Clifford J. Zatz and William L. Anderson | Crowell & Moring LLP | October 22, 2018
Five years after the Florida legislature amended the state’s evidence code to incorporate the Daubert standard for admissibility of expert testimony, the Florida Supreme Court last week held the amendment unconstitutional. “With our decision today,” said the Court, “we reaffirm that Frye, not Daubert, is the appropriate test in Florida courts.” Florida now rejoins the minority of states that adhere to the “general acceptance” standard for expert testimony. Equally important for toxic tort defendants, the Court held that medical causation testimony, including the “every exposure” theory of mesothelioma causation, “is not new or novel and is not subject to Frye analysis.”
This year marks the 25th anniversary of the U.S. Supreme Court’s decision in Daubert v. Merrell Dow Pharmaceuticals, Inc. Daubert announced a new, “flexible” standard for the admissibility of scientific expert testimony, holding that the “general acceptance” test of Frye v. United States, had been displaced by the Federal Rules of Evidence. Since then, Daubert has been the test in the federal courts; its standard is now incorporated in the text of Federal Rule of Evidence 702.
But the Daubert – Frye debate has continued in the state courts. In 2016, in litigation alleging that cell phone radiation causes brain tumors, the District of Columbia finally abandoned Frye in favor of Rule 702. By legislation effective in August 2017, Missouri adopted the Daubert standard. In August of this year, the New Jersey Supreme Court required trial courts to consider the Daubert factors, but stopped short of declaring New Jersey a “Daubert jurisdiction,” declining to accept the entire body of Daubert case law. At last count, Daubert states outnumbered Frye states by a ratio of about 4:1. (Three states – Nevada, North Dakota, and Virginia – maintain their own unique standards for admissibility.) Over the years, studies have shown that Daubert leads more often than Frye to the exclusion of expert testimony, especially in favor of defendants.
Perhaps no state has grappled with the Daubert – Frye decision more than Florida. But the debate has come to an apparent end with the decision in DeLisle.

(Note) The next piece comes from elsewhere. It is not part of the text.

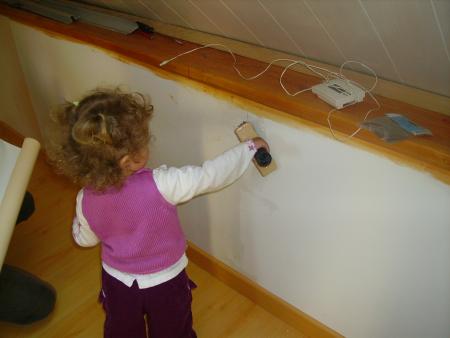 Ana�s pose le papier peint !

The path to the DeLisle decision was a long one, and reflected strong disagreement within the bar. After the legislature passed the so-called “Daubert Amendment” in 2013, the Florida Bar’s Code and Rules of Evidence Committee received comments on the Amendment. The comments were opposed to the Amendment by a count of 81-29. Accordingly, the Committee recommended, by a vote of 16-14, that the Supreme Court not adopt the Amendment. The Court then received comments of its own – this time 131-56 in favor of adopting Daubert. But in a February 16, 2017 per curiam order, the Court declined to adopt the Amendment, to the extent it was procedural, “due to the constitutional concerns raised, which must be left for a proper case or controversy.”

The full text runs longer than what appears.